▸ **Directions**
An exact copy of the listing is required.

▸ **Provided data**
——

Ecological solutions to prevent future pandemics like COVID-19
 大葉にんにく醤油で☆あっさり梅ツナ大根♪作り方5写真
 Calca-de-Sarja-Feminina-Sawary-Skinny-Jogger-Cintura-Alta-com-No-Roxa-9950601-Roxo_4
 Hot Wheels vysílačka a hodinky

——

▸ **Result for this task**
Ecological solutions to prevent future pandemics like COVID-19
 大葉にんにく醤油で☆あっさり梅ツナ大根♪作り方5写真
 Calca-de-Sarja-Feminina-Sawary-Skinny-Jogger-Cintura-Alta-com-No-Roxa-9950601-Roxo_4
 Hot Wheels vysílačka a hodinky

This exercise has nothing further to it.